◆ Work item
Print out each record below, unaltered and complete, without its images.

◆ Task data
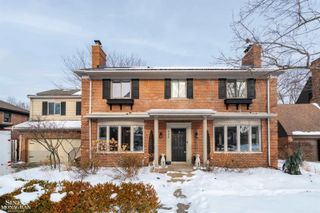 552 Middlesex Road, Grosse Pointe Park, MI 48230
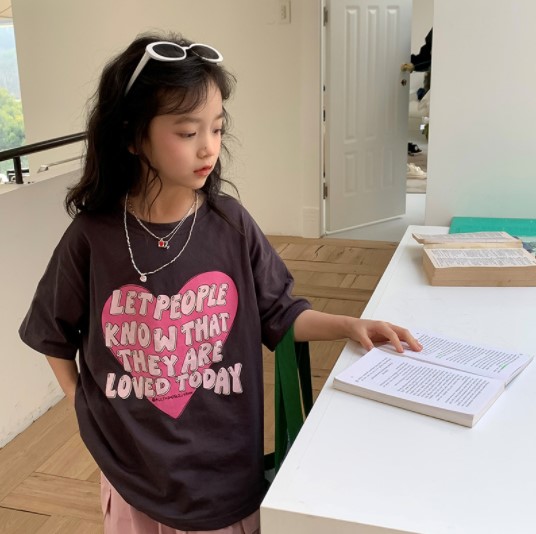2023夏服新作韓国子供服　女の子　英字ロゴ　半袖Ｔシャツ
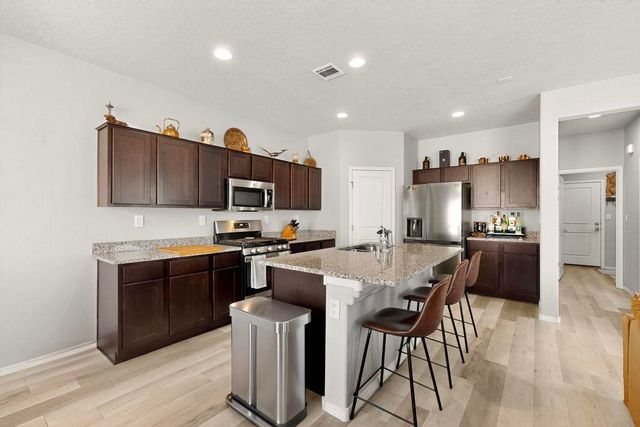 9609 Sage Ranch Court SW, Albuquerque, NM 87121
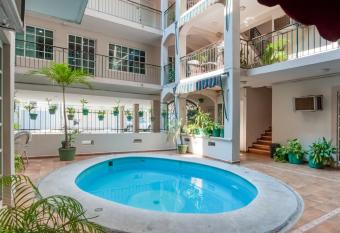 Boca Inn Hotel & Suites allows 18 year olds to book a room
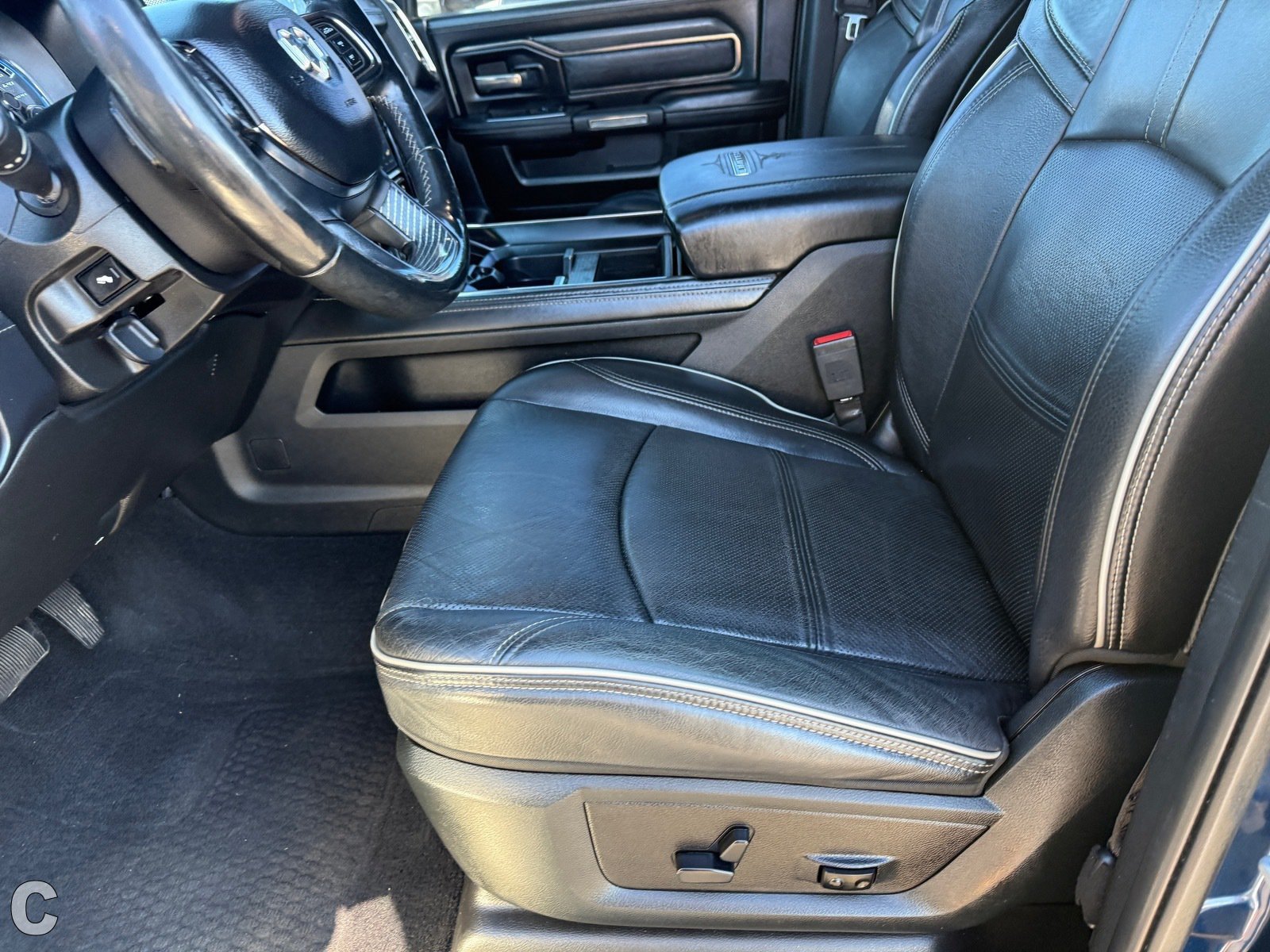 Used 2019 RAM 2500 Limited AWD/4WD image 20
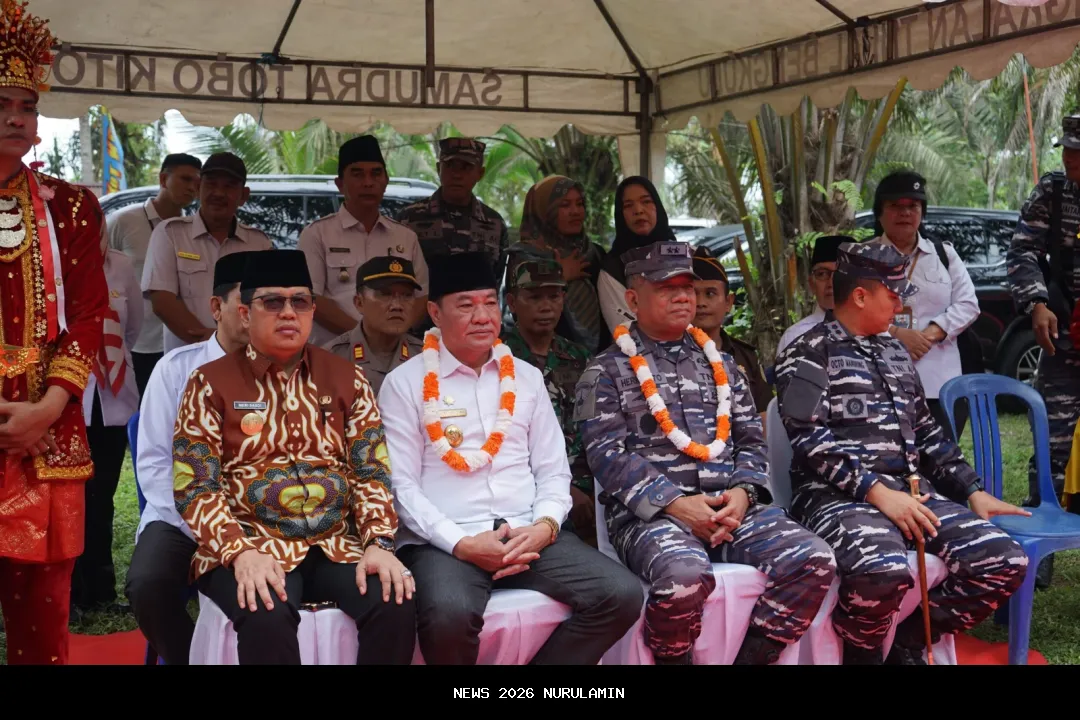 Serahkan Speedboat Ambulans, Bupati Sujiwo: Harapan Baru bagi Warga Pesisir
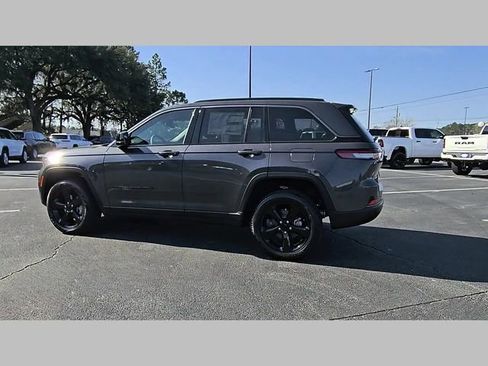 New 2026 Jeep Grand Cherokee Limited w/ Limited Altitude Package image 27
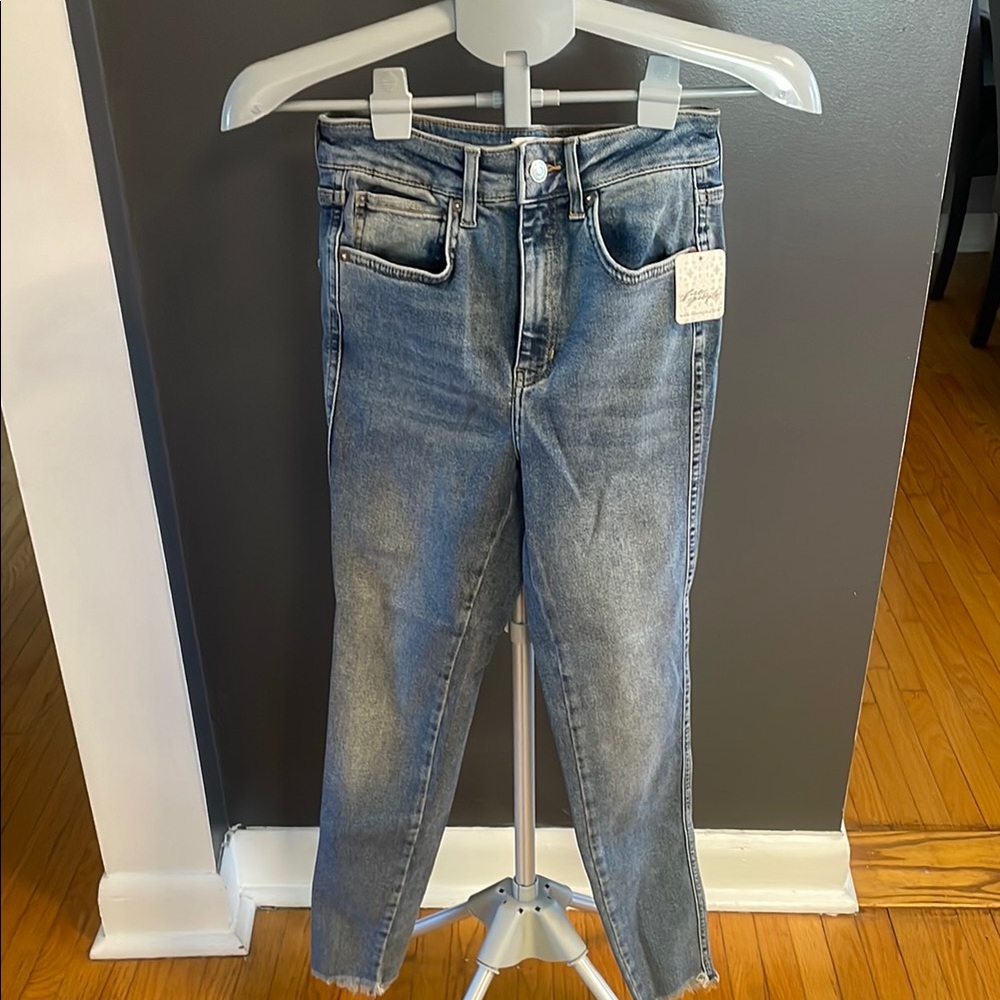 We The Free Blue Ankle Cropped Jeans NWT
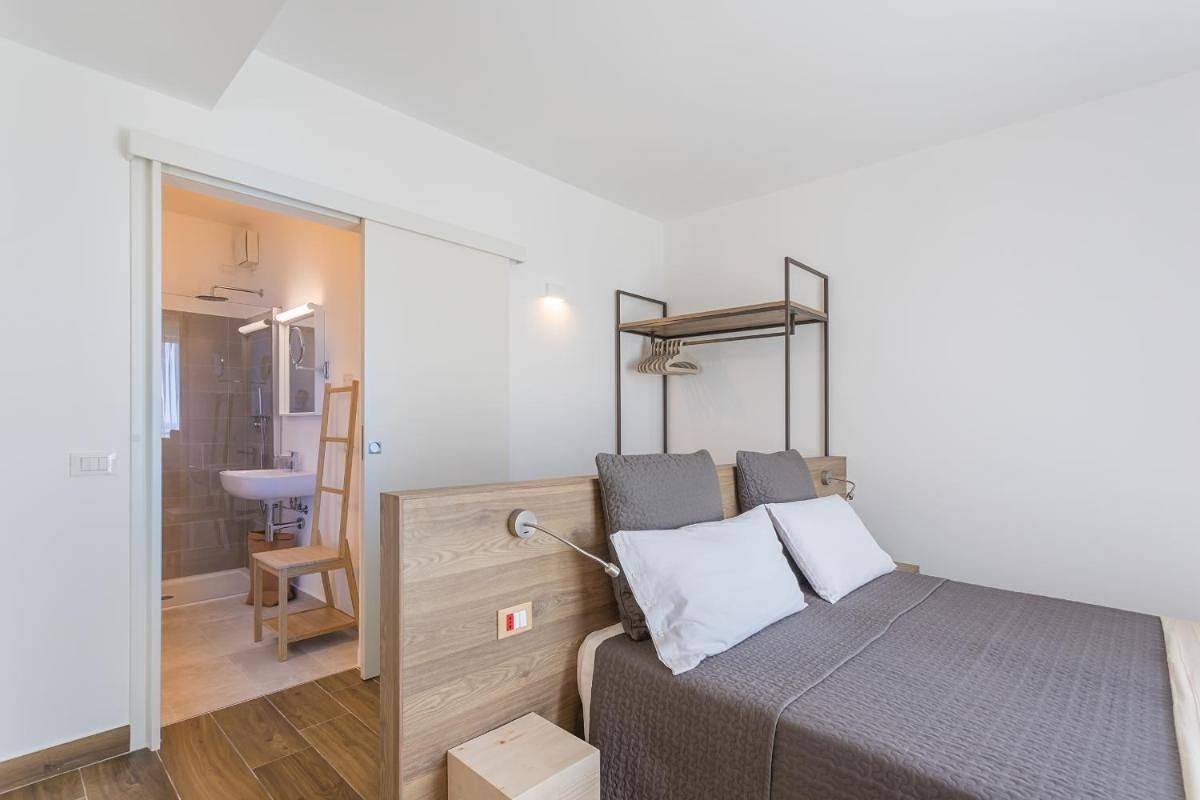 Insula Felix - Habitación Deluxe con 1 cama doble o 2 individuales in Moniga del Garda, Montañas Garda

◆ Task answer
 552 Middlesex Road, Grosse Pointe Park, MI 48230
2023夏服新作韓国子供服　女の子　英字ロゴ　半袖Ｔシャツ
 9609 Sage Ranch Court SW, Albuquerque, NM 87121
 Boca Inn Hotel & Suites allows 18 year olds to book a room
 Used 2019 RAM 2500 Limited AWD/4WD image 20
 Serahkan Speedboat Ambulans, Bupati Sujiwo: Harapan Baru bagi Warga Pesisir
 New 2026 Jeep Grand Cherokee Limited w/ Limited Altitude Package image 27
 We The Free Blue Ankle Cropped Jeans NWT
 Insula Felix - Habitación Deluxe con 1 cama doble o 2 individuales in Moniga del Garda, Montañas Garda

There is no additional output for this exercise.